Ah....the brown bags involved one man and $350,000
The Sponsorship Scandal included the Quebec caucus, and tens of millions of dollars........
Gimme a break
Yup Colpy, no Conservative has ever been rattled by filth.. Ohh wait it was... :roll:
But best yet, I give the rest of them to you as well.. No BS of just giving you Conservative one, Liberal as well.. I hide NOTHING..
CBC News Indepth: Canadian Government6. All the other Mulroney ministers: Pity poor Brian Mulroney. The Progressive Conservative prime minister lost an average of one cabinet minister to allegations of wrongdoing during each year of his 1984-1993 reign.
First there was Robert Coates, who stepped down as defence minister in 1985 after it was revealed that he had visited a strip club in West Germany while in that country on official business. Communications Minister Marcel Masse left over an alleged violation of the Canada Elections Act (he was later exonerated), followed closely by John Fraser.
In 1986, Minister of Regional Industrial Expansion Sinclair Stevens stepped down because of conflict of interest allegations related to a $2.6-million loan to a Stevens family company. André Bissonnette, the minister of state for transport, resigned in 1987 while the RCMP investigated his alleged involvement in land speculation. Roch La Salle, who served Mulroney in the public works, and supply and services portfolios, left cabinet the same year after being charged with demanding a bribe and accepting money from businesses looking for government favours. The charges were later dropped.

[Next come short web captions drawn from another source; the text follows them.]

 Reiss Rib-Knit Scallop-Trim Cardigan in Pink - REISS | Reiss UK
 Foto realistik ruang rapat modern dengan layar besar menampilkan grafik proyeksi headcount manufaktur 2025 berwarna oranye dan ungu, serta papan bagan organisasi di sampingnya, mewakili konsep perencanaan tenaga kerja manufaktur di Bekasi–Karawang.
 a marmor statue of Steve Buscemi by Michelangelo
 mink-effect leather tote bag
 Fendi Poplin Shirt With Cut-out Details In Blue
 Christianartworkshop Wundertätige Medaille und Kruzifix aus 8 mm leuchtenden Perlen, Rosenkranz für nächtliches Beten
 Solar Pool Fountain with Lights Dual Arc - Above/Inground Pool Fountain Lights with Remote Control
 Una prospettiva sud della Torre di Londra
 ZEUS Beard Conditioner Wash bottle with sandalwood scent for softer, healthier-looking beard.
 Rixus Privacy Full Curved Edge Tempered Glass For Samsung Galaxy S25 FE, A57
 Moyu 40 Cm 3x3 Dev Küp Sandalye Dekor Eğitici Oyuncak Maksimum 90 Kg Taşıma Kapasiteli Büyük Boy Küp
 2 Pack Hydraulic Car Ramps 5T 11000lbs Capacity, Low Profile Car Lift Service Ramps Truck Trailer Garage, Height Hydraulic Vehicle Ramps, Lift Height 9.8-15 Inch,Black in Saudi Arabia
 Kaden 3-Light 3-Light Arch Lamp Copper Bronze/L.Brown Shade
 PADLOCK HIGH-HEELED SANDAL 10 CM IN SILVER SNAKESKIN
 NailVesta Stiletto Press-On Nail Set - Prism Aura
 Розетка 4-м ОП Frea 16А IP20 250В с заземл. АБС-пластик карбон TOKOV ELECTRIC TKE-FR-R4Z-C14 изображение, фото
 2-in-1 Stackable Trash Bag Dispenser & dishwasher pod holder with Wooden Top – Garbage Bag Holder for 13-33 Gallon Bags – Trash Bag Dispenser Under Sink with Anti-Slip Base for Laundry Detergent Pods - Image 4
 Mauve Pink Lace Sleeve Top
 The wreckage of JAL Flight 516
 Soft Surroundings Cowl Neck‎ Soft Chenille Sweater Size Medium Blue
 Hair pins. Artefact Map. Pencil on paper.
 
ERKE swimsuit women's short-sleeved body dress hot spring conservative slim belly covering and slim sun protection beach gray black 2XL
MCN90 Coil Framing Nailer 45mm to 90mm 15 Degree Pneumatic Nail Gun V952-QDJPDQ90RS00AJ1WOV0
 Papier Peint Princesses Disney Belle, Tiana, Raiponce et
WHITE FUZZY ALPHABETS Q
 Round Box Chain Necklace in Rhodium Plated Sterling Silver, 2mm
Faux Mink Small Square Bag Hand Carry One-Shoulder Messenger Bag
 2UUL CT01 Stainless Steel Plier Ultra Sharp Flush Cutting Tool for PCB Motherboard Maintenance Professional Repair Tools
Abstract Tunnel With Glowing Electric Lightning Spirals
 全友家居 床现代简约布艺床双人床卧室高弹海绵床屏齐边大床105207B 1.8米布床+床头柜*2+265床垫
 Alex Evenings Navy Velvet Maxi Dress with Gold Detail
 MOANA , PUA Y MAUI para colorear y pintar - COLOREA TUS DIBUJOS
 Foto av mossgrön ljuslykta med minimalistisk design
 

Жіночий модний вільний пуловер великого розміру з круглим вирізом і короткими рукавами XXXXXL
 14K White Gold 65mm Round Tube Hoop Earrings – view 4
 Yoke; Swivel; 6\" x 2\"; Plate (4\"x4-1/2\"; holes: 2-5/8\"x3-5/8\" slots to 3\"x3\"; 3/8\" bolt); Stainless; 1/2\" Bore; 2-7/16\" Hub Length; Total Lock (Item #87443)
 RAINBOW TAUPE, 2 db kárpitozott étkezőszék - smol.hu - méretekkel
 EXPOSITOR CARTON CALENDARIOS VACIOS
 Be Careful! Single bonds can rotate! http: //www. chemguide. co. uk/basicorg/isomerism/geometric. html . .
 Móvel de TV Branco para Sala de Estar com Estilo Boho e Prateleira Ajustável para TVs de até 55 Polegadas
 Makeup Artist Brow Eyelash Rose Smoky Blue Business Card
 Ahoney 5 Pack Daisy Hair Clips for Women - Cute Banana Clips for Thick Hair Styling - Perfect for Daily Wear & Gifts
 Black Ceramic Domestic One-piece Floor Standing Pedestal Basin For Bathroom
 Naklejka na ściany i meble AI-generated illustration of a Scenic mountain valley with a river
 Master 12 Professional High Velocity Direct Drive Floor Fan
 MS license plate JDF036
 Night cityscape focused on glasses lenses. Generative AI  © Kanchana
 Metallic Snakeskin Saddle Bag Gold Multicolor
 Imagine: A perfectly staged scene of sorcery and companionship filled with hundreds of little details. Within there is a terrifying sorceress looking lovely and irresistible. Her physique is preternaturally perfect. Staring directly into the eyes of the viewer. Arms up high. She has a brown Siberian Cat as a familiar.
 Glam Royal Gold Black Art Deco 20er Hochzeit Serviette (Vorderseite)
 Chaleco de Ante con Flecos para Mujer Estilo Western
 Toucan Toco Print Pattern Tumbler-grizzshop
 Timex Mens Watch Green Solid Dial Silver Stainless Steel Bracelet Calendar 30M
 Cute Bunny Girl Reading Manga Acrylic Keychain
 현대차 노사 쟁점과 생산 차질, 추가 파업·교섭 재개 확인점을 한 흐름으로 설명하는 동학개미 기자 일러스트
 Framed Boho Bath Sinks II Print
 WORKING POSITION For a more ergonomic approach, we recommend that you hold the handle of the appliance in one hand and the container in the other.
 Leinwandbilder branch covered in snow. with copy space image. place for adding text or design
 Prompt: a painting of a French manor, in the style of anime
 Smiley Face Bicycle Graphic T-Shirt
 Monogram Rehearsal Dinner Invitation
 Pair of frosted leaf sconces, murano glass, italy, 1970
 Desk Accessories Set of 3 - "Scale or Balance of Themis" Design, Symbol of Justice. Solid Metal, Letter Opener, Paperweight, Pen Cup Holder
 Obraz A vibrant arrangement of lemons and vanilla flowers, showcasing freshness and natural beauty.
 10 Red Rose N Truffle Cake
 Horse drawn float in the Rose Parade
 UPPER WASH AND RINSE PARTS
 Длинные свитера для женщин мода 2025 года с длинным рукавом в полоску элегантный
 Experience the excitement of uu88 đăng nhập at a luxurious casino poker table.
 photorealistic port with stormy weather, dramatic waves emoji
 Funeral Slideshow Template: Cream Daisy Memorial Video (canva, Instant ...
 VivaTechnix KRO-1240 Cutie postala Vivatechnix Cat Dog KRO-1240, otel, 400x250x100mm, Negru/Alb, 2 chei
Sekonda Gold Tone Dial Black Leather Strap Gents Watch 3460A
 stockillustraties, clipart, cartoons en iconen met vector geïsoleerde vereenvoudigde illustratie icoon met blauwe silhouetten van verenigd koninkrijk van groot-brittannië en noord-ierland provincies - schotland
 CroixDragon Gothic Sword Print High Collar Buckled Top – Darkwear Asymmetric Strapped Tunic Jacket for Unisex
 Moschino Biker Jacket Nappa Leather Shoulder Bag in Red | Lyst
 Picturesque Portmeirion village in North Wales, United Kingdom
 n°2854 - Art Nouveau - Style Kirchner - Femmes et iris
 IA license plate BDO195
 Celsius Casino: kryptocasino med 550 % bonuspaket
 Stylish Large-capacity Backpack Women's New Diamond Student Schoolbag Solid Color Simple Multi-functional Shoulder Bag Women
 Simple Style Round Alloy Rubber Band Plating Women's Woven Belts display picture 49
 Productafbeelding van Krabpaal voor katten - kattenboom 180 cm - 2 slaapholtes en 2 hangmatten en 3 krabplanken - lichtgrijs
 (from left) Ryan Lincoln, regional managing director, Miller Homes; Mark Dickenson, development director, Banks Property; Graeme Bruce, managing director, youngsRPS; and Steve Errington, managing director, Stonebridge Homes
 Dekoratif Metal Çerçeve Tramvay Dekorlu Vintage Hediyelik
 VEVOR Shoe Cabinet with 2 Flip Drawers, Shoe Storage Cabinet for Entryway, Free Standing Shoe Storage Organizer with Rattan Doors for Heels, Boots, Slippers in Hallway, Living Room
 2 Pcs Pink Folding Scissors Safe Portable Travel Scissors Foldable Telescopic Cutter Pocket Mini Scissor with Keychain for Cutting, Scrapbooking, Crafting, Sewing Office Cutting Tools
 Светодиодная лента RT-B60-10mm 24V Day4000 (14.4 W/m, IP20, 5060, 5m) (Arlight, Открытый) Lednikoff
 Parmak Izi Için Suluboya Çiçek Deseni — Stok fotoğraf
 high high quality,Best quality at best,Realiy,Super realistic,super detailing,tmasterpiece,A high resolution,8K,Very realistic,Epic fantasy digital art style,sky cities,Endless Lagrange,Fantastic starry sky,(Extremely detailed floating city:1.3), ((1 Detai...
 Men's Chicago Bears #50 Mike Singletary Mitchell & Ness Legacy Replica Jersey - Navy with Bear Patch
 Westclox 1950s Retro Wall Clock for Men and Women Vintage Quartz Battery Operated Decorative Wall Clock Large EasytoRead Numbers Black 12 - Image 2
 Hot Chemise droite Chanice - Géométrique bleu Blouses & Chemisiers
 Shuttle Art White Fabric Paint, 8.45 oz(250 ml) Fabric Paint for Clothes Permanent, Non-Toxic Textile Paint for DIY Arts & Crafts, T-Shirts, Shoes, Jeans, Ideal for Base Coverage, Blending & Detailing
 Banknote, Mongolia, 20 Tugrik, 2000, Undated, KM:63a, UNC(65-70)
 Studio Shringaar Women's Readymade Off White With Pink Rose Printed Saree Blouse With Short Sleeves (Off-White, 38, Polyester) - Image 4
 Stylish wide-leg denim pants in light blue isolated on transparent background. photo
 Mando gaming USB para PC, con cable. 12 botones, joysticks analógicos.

Conflict of interest allegations involving a personal loan felled Supply and Services Minister Michel Coté in 1988. Bernard Valcourt stepped down in 1989 after pleading guilty to an impaired driving offence. In 1990, current Quebec Premier Jean Charest had to leave his two posts as minister for fitness and amateur sport, and minister for youth after trying to talk to a judge about an ongoing case.
And, finally, in 1991, Housing Minister Alan Redway offered his resignation after being charged over joking about having a gun while boarding a flight at the Ottawa airport. Not a cabinet minister but equally embarrassing to the Conservatives was Quebec MP Michel Gravel, who in 1986 was charged with 50 counts of fraud and influence peddling. He later pleaded guilty to 15 charges, paid a $50,000 fine and served four months in jail.